Day Five Again! Peace Love Joy Believe.

Day 5 Revisited
A journal page a day isn't so hard to do unless you are sleep deprived, running around like a crazy woman trying to get the holiday preparations organized,   tying up loose ends on special orders, and distracted in a good way with friends and family, not that that's a description of me or anything ;)
  I did manage to illustrate the page yesterday and finish it this morning  and I really love it. It's bright, fun, whimsical, and speaks in the words to the season.
Peace
Love
Joy
Believe
Gratitude
 I remember the first year I left my retail job and started working for the bank. Christmas was sooooo wonderful that first year, the best I had in a long time because as you know or can imagine, when you work in retail, the holidays are non stop craziness. It's hard to enjoy the season when that is your busiest time of year. If you do have time to bake, it's at 11:30 at night when you get home......forget shopping...that happens in October or it doesn't  happen at all...maybe online but that's the only thing you have time for.  That first year I was still working full time but full time at the bank and full time in retail are two different things.  40-45 hours at the bank, 70-80 hours in retail.   I baked like there was no tomorrow and wrapped gifts like I worked for Nordstroms. It was heaven.     
Pure Bliss to have my life back again after many years of running, running, running during the holidays and the rest of the year for that matter.  
Now again, I'm here with a first....my first holiday spent working for myself. I work more than 80 hours now...but it never feels like work. I have time to do everything I want to do (for the most part)  and am doing it with a smile on face. I have time to reflect upon the season, reflect upon my year....looking forward to the future, and finding gratitude for all my..all of our blessings.  Life is truly good....even though I have a long way to go to become the artist, the person, the mother, the friend, I want to be....every day gets better. Some days we have set backs, other days we move far alone.  I've found out a lot about myself over this year...not just from leaving the bank and deciding to go off on my own as a full time artist...I've learned how to live a better life.  Being more generous when the situation calls for it.  To being more forgiving when I need to be, and for standing the line in other situations. Giving to others when your hand is needed....the light begins to shine brightly on you as well.
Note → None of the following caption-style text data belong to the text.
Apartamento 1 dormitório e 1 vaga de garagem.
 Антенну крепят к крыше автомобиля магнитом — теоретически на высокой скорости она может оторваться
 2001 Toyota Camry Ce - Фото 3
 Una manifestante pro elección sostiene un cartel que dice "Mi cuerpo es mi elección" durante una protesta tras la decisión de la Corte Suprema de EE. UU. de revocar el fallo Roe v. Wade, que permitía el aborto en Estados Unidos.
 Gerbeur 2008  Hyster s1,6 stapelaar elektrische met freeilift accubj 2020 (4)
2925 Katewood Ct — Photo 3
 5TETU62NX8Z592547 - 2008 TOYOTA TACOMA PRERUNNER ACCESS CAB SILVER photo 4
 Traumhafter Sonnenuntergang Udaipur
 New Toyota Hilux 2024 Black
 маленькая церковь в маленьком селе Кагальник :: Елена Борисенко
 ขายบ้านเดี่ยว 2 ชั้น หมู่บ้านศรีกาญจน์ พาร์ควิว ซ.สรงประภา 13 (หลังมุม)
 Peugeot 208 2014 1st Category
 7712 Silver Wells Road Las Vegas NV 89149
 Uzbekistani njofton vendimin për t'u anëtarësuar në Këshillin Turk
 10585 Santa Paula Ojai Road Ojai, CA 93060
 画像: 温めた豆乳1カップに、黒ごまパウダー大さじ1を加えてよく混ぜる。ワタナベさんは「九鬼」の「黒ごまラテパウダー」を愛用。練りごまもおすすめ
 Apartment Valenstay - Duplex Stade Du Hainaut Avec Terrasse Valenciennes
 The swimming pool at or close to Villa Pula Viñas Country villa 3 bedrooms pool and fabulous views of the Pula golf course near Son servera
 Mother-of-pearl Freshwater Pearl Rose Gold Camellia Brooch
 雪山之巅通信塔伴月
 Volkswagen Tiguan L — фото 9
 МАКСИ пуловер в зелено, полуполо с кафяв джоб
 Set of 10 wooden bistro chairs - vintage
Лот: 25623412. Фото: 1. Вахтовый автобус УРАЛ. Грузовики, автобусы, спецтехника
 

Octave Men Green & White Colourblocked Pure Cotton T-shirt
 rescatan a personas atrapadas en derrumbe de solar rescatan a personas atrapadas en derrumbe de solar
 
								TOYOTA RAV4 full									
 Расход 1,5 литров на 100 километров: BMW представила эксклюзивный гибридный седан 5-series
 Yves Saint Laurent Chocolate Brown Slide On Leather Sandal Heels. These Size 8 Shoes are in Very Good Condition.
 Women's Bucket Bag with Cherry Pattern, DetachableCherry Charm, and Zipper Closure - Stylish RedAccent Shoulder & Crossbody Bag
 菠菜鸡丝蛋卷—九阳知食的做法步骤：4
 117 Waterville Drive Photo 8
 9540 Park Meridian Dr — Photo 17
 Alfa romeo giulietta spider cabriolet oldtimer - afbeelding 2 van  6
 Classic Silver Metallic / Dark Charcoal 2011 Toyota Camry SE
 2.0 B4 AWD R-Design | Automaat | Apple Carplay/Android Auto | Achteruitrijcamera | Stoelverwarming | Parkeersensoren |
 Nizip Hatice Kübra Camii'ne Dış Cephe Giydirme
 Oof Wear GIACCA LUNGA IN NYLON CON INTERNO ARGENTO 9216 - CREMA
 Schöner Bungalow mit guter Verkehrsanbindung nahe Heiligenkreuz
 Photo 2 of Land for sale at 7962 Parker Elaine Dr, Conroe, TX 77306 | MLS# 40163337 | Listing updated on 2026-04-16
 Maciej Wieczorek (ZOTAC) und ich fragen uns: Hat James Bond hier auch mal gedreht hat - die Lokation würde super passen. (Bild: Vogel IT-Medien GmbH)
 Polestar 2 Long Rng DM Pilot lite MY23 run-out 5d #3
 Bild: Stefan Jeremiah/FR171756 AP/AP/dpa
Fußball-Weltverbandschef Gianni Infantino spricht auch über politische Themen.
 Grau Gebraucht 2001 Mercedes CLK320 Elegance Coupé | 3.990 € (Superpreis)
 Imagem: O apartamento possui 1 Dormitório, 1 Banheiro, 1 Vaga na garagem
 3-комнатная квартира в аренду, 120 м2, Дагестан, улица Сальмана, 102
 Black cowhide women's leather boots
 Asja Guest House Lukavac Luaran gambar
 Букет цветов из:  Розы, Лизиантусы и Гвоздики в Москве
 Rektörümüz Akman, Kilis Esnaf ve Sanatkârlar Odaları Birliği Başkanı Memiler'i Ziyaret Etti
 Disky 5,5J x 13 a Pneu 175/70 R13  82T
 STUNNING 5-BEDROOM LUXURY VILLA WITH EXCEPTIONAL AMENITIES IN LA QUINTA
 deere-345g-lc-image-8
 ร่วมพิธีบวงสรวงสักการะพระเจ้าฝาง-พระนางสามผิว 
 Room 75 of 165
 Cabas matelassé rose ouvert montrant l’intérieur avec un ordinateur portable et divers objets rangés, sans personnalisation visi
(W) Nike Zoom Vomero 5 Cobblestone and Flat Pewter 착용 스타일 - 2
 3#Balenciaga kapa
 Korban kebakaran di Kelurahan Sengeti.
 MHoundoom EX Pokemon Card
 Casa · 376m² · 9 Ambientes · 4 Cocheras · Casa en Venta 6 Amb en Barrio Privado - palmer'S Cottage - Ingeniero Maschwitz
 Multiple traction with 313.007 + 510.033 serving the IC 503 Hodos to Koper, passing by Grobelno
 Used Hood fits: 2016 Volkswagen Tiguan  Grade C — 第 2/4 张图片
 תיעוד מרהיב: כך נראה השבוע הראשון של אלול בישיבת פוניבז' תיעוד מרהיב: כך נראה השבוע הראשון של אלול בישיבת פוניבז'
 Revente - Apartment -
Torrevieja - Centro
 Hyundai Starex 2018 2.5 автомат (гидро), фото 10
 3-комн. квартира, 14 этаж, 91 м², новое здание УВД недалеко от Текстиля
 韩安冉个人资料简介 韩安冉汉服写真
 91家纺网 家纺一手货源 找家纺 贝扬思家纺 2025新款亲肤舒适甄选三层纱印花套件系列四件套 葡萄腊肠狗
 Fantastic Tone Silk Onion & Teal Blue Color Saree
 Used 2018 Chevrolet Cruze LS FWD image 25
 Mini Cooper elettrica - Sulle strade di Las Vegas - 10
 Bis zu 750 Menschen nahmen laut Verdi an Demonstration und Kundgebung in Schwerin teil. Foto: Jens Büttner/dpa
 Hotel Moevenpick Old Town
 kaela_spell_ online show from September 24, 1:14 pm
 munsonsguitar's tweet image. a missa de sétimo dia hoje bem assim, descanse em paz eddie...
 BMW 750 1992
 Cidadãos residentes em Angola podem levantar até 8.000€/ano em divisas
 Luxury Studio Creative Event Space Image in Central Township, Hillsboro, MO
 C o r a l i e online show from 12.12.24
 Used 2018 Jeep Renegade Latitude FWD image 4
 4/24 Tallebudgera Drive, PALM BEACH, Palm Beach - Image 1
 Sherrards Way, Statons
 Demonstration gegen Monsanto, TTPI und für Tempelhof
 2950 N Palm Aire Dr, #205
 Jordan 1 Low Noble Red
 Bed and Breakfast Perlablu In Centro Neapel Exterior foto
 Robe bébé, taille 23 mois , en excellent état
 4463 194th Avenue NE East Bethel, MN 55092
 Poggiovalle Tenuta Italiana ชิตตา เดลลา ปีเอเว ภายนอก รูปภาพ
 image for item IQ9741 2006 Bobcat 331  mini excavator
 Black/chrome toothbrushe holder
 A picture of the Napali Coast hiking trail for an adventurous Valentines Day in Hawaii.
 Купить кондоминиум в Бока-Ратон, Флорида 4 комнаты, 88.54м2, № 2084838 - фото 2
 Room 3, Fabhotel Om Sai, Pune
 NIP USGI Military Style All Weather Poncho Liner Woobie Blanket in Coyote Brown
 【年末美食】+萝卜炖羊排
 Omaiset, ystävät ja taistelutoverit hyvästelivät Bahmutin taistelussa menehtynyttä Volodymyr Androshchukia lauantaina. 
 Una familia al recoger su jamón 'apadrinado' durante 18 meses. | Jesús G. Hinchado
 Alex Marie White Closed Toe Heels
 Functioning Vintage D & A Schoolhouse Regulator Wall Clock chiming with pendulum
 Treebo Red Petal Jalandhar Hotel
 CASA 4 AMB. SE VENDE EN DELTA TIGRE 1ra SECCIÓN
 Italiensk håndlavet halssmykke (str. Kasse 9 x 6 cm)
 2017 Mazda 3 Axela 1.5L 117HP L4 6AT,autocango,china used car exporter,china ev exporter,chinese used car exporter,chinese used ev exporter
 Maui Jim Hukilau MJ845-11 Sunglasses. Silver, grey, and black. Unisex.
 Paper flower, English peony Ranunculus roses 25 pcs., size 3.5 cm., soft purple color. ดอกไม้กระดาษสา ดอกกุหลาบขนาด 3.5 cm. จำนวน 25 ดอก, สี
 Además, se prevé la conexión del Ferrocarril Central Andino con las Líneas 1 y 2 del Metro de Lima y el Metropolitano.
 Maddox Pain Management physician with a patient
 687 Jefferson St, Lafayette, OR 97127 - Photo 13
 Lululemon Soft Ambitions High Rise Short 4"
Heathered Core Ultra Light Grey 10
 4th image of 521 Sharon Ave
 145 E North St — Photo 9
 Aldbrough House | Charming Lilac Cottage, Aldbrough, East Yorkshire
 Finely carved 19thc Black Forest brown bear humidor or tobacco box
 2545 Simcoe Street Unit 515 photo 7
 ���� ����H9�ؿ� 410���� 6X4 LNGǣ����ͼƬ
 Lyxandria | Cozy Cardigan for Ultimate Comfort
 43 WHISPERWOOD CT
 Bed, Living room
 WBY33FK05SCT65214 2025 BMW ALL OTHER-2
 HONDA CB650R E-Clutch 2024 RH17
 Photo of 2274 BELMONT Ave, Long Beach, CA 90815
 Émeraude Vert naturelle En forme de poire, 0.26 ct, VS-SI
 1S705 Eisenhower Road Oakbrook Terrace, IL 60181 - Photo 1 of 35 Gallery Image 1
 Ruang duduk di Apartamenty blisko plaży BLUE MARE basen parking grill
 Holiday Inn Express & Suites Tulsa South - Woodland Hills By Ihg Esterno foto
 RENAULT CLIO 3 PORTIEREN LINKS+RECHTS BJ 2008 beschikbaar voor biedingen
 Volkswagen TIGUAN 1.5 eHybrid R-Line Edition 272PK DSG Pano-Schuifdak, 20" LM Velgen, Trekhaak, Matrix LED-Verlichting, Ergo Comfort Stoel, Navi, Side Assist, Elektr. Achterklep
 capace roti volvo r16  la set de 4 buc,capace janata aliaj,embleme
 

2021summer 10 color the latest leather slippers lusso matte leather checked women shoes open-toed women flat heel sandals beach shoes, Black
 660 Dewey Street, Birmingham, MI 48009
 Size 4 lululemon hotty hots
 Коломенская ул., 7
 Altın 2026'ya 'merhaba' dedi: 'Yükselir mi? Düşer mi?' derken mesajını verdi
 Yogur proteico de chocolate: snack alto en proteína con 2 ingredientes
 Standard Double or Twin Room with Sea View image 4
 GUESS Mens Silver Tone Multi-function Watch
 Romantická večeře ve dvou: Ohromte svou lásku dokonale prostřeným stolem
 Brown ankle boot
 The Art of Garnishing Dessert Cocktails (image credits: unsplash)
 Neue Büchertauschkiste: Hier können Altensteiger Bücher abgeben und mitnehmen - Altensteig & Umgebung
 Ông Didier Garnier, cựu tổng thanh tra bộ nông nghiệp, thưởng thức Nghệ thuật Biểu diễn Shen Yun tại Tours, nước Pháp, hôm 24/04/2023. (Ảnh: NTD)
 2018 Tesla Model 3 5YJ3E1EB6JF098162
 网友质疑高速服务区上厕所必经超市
2011 was (is) a turning point in my life.  I'm grateful for having the season to reflect and enjoy the fruits of our blessing.  Life goes by too fast to let those moments slip through your hands.  I'm ready for even bigger things in 2012 and beyond. I need my winter's nap right now...quiet time...time to plan, time to gather energy, and time to breathe, and time to be around those I love near and pause for a moment for those who are far away or no longer with us. It is because of you I am doing this.
Tis The Season.
Happy Holidays to all!

***

Today's prompt:
Find your holiday inspiration right in front of you...is it your tree, is it an ornament? Table top knick knack, stocking....sketch that and reflect upon your own thoughts of the season.  Enjoy!

2 comments :

Patti Edmon Artist said...

Love your pages - glad you're finding time:)
Have a wonderful holiday!

Teresa aka Tess said...

Love this journal page. Whimsical and bright and ohh so true.